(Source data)
════

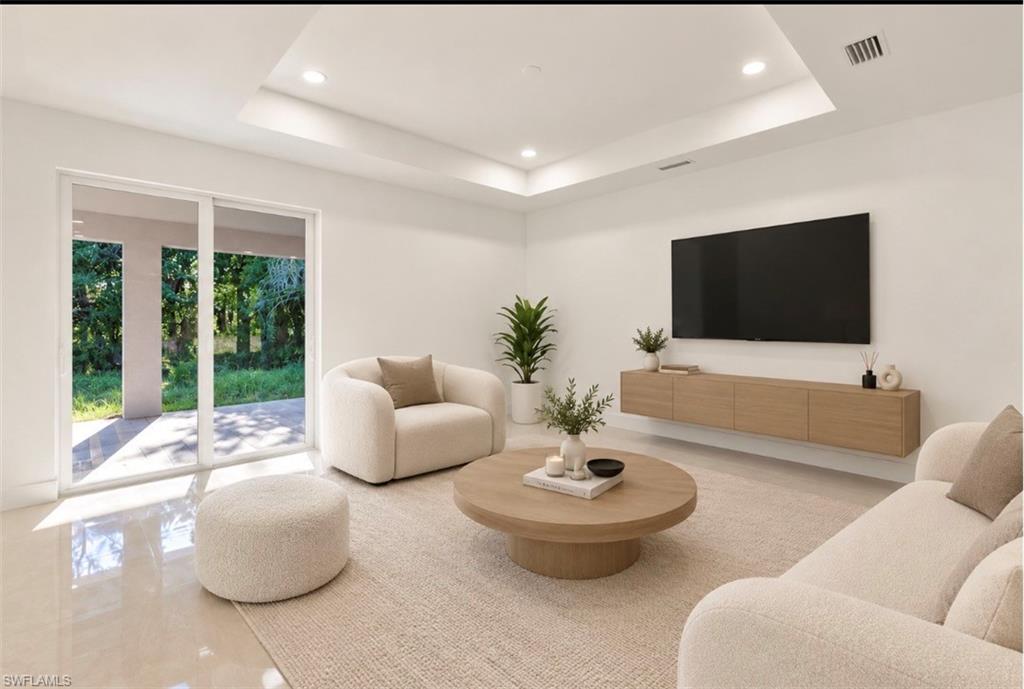 TWIN LAKE ESTATES - Residential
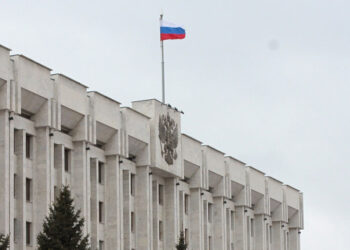 Самарский губернатор пообещал сократить число чиновников при росте числа министерств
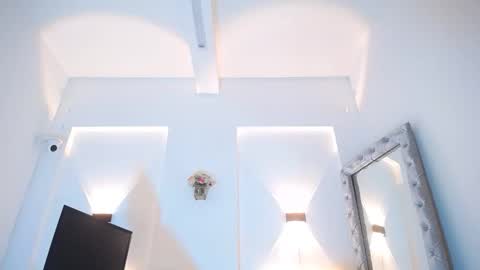 jullian online show from April 25, 9:45 pm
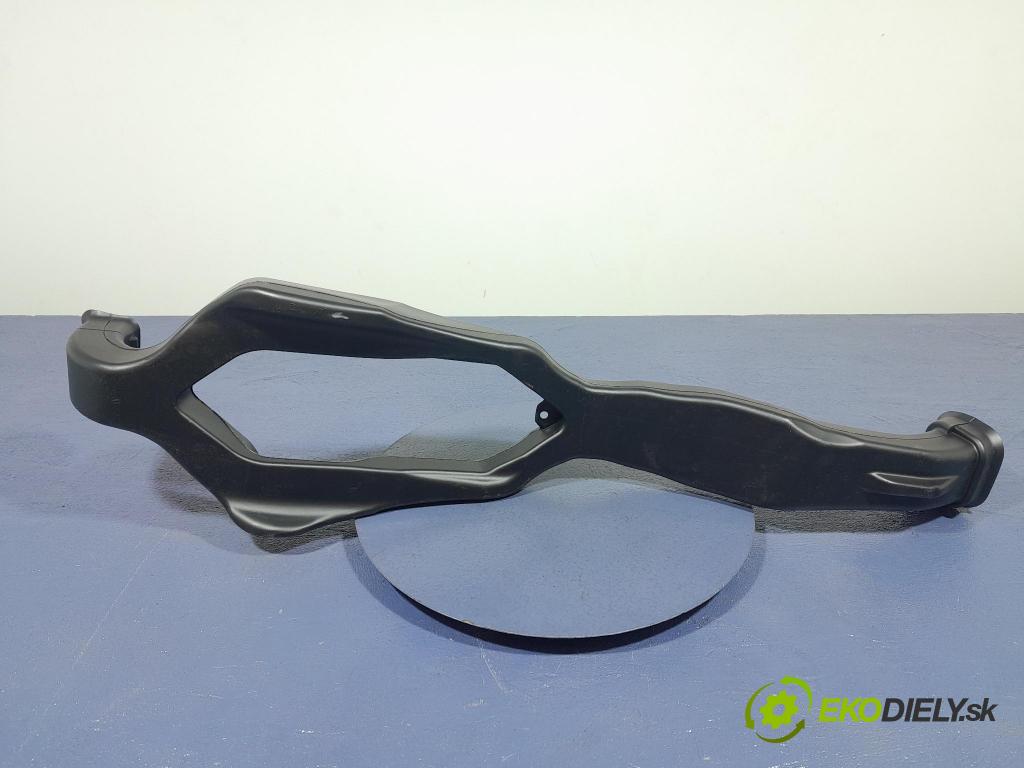 Bmw Seria 2 2020 Vstup: Vzduch: 6823327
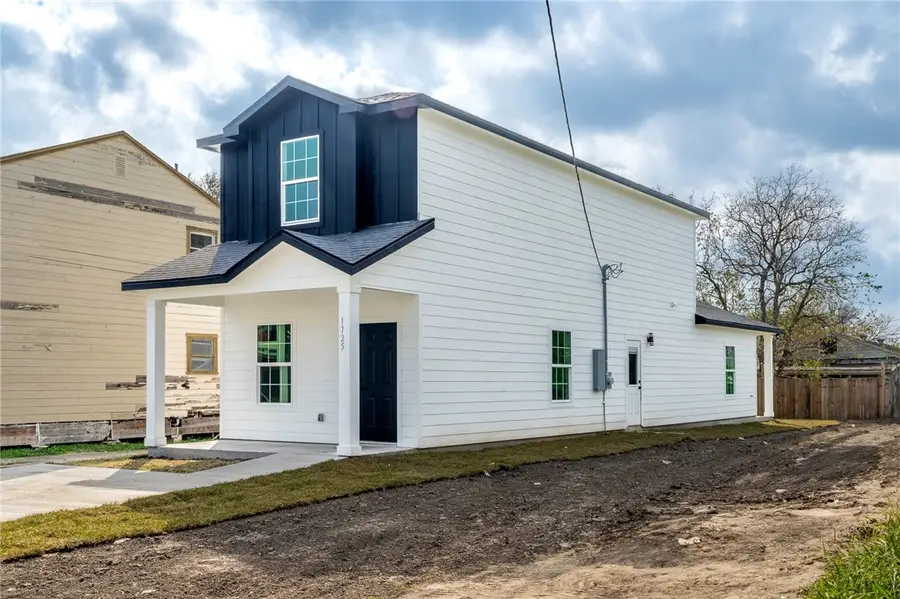 1725 15th Street, Corpus Christi, TX 78404 - Image #2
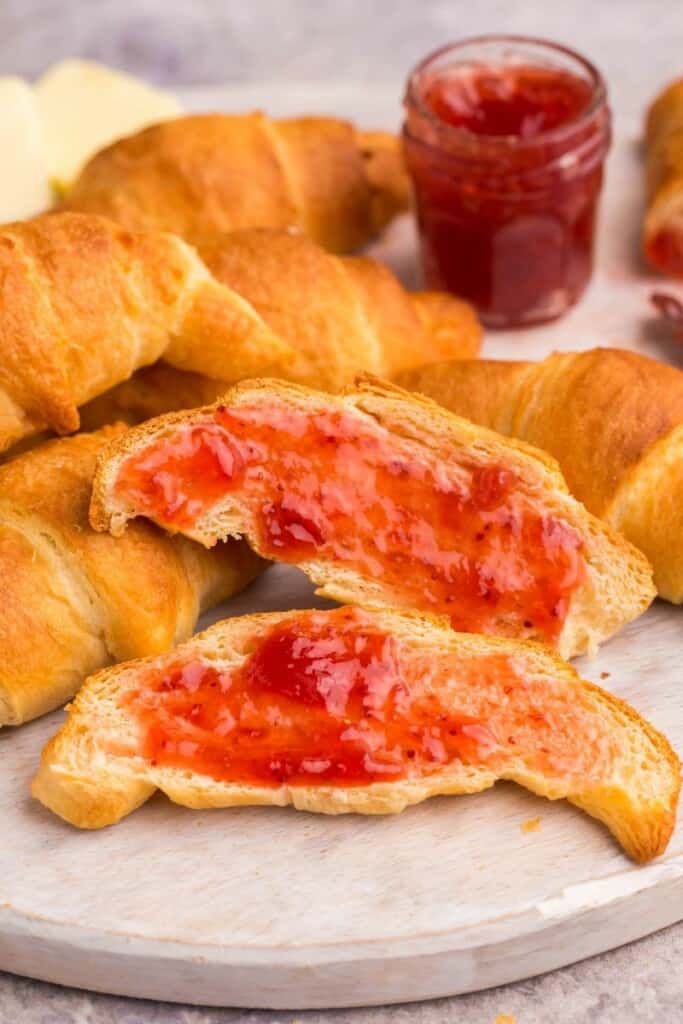 crescent roll with jam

════

About this exercise: In your copy of the records above, include no pictures and match every line exactly.

Reply to the task:
 TWIN LAKE ESTATES - Residential
 Самарский губернатор пообещал сократить число чиновников при росте числа министерств
 jullian online show from April 25, 9:45 pm
 Bmw Seria 2 2020 Vstup: Vzduch: 6823327
 1725 15th Street, Corpus Christi, TX 78404 - Image #2
 crescent roll with jam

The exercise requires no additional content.